According to the factorial pulse coding, information, such as a pulse position, a
pulse magnitude, and a pulse sign, may be represented in a factorial form within a
range of the allocated number of bits.
[0080] The information regarding the spectrum encoded by the spectrum encoder 530 may be
provided to the multiplexing unit (190 of FIG. 1).
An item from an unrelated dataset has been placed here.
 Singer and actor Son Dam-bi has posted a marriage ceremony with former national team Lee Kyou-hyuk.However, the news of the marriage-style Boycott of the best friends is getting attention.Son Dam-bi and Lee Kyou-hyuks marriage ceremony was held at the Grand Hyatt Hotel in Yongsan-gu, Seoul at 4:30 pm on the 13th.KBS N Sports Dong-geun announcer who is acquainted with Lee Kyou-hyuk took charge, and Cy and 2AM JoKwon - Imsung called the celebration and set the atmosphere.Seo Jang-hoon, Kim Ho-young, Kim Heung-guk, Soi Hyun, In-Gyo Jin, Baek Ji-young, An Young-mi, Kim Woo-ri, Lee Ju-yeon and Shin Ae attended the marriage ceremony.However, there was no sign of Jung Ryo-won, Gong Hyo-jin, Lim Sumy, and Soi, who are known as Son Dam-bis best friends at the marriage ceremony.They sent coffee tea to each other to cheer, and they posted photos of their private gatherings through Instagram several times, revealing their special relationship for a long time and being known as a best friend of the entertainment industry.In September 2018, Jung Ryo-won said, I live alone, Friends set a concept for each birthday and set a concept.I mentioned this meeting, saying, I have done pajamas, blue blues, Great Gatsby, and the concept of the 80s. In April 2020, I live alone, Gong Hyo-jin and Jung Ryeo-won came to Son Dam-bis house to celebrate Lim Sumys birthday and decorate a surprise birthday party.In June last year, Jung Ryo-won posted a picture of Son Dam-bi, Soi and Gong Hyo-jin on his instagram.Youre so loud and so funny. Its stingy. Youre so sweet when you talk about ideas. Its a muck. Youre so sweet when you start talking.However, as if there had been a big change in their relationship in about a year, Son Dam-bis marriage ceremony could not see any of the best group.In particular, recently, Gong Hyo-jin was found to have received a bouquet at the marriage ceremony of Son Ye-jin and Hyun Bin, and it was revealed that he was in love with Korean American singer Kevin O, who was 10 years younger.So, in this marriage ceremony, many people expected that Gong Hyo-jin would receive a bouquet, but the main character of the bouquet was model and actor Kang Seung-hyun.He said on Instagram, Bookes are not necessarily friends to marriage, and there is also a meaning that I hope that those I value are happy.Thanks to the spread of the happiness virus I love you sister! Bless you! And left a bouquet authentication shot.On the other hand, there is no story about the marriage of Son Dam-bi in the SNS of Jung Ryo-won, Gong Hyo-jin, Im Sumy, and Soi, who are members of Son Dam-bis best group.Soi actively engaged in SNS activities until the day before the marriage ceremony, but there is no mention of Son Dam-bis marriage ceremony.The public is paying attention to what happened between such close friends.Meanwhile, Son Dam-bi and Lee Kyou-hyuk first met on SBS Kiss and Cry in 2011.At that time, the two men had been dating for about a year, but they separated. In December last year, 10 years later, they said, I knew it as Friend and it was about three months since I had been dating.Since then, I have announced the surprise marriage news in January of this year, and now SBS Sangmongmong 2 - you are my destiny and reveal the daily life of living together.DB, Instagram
[0081] FIG. 6 is a block diagram of an audio encoding apparatus 600 according to another
exemplary embodiment.
[0082] The audio encoding apparatus 600 of FIG. 6 may include a transient detecting unit
610, a transform unit 630, a bit allocating unit 650, an encoding unit 670, and a
multiplexing unit 690. The components of the audio encoding apparatus 600 may be integrated
in at least one module and implemented by at least one processor. Since there is a
difference in that the audio encoding apparatus 600 of FIG. 6 further includes the
transient detecting unit 610 when the audio encoding apparatus 600 of FIG. 6 is compared
with the audio encoding apparatus 100 of FIG. 1, a detailed description of common
components is omitted herein.
[0083] Referring to FIG. 6, the transient detecting unit 610 may detect an interval indicating
a transient characteristic by analyzing an audio signal. Various well-known methods
may be used for the detection of a transient interval. Transient signaling information
provided from the transient detecting unit 610 may be included in a bitstream through
the multiplexing unit 690.
[0084] The transform unit 630 may determine a window size used for transform according to
the transient interval detection result and perform time-domain to frequency-domain
transform based on the determined window size. For example, a short window may be
applied to a sub-band from which a transient interval is detected, and a long window
may be applied to a sub-band from which a transient interval is not detected.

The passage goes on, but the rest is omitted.